Capernaum (Lebanon, USA 2018)

Showing from Friday 1st March

Capernaum was the winner of the Leeds International Film Festival 2018 Best Fiction Feature film award, and was nominated for an Oscar (Academy Awards Best Foreign Language Film 2019).

“I wish my parents had never had me!”

“Capernaum” is often used to mean “chaos” in French literature. It is also the name of an ancient Palestinian city on the northwest shore of the Sea of Galilee where Jesus Christ is said to have performed miracles. Times are tough for undocumented people who end up in Beirut slums. And I mean tough! Life is about getting by … life surrounded by hunger, petty crime, violence, forced marriage, detention centres, as well as some compassion. If you saw Slumdog Millionaire (2008), that was a bit cosy by comparison. Capernaum shows abject poverty where people have no legal way out.

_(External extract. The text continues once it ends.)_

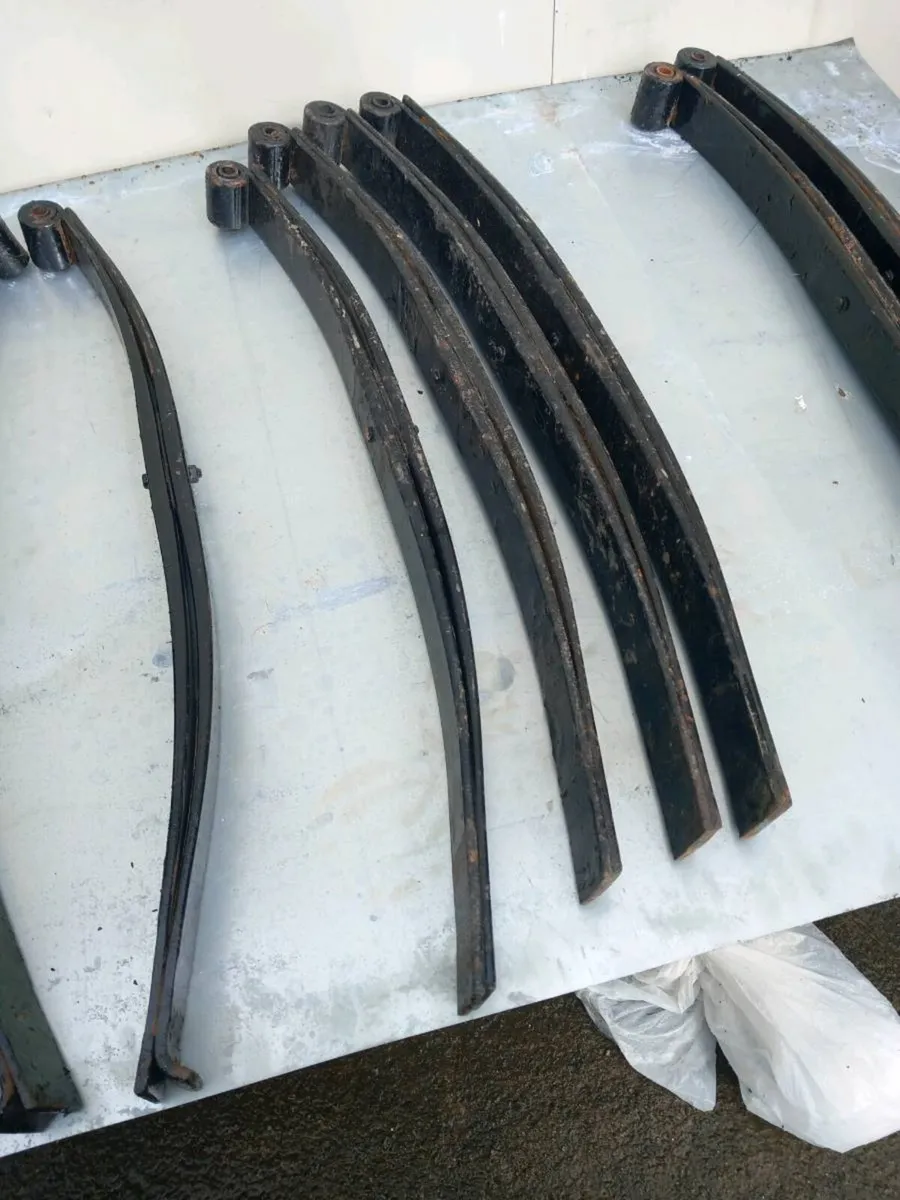 Ifor Williams springs - Image 3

Without papers you are nothing in the eyes of the authorities. Lebanese director Nadine Labaki understands the brutal reality of life there. Most of the cast are novice actors from the neighbourhood who draw on their personal experience. Zain (Zain al-Rafeea) is a streetwise 12 year old, a survivor who is close to his younger sister Sahar (Haita ‘Cedra’ Izzam). During the story Zain joins forces with an Ethiopian migrant worker Rahil (Yordanos Shiferaw) and her baby son Yonas (Boluwatife Treasure Bankole ).

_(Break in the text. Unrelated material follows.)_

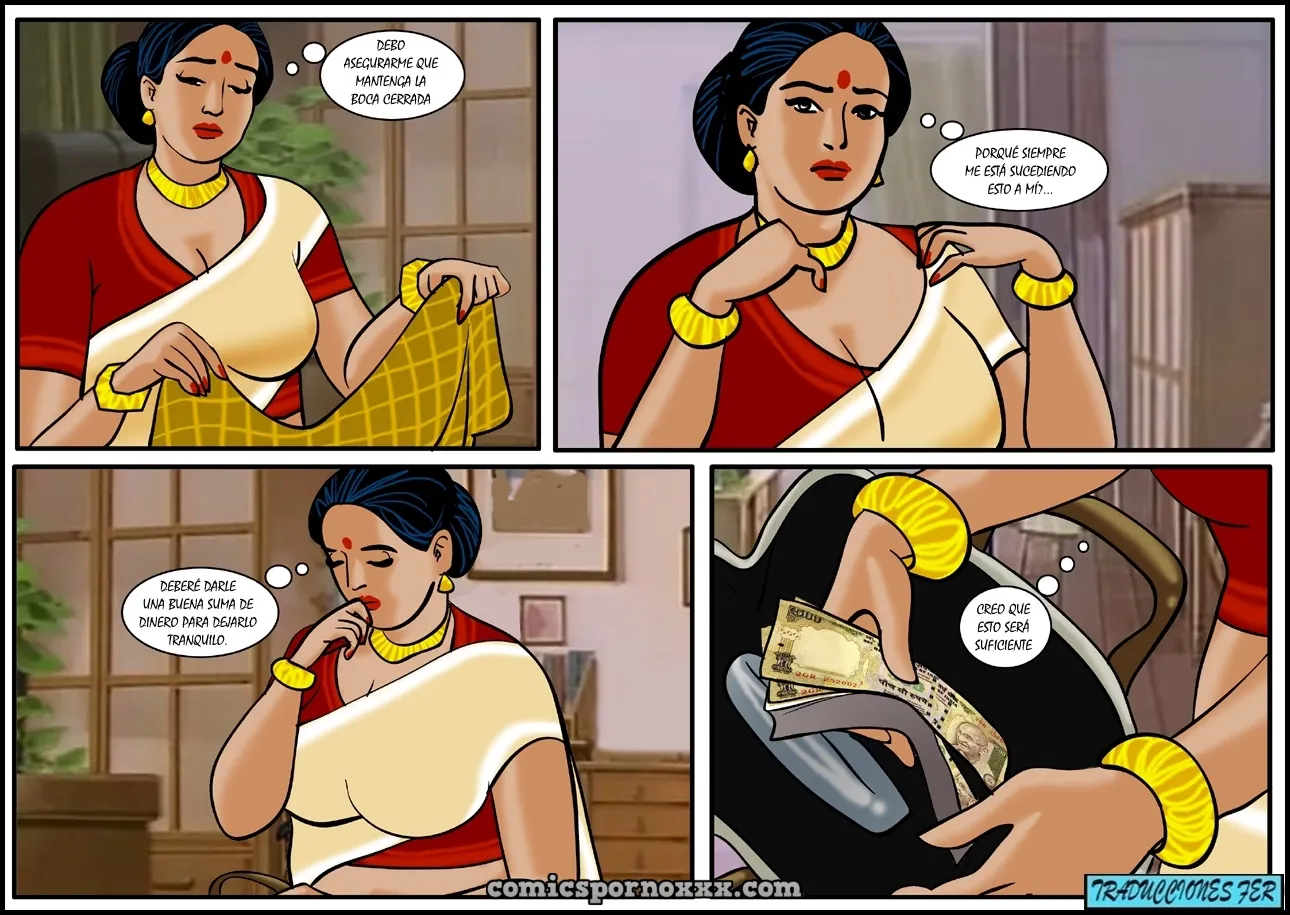 Velamma #14 - Página 6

Don’t let this harsh background put you off seeing a very good film! You will also see humanity, resilience and love amongst the prevailing political, social and economic injustices. Personally I have gained so much from films that offer glimpses into the lives and struggles of people across the world. Just a few examples:

  • Taxi Tehran (2015) made despite a ban by the Iranian authorities;
  • The Act of Killing (2013) about mass killings in Indonesia;
  • Speed Sisters (2017) about Palestine’s all-women racing car team;
  • The Journey (2017) about a suicide bomber in Baghdad;
  • A Cambodian Spring (2016) popular resistance to forced evictions
  • Fukushima, Mon Amour (2016) about people living in the shadow of nuclear meltdown
  • Félicité (2017) about a singer in Kinshasa (Democratic Republic of Congo) trying to get medical treatment for her son
  • Human Flow (2017) Ai Weiwei’s film gives a global context to the struggles of displaced people
  • I, Daniel Blake (2016) reminds us that the UK is not exempt from such dehumanising treatment.

We are indebted to the directors who use their skills to tell such stories, sometimes at great personal risk, and always with the huge challenges of assembling the necessary funding, gathering a film crew, and arranging production and distribution. Fortunately there are growing numbers of them thanks in part to iPhone cameras, drones, and support from international groups. Films like Capernaum contribute in their own way to moves towards an urgent search for meaning and identity across the globe and illustrate results of conflicts, some of which are prosecuted in our names.

Capernaum is showing at the Hyde Park Picture House from Friday March 1st to Thursday March 7th inclusive.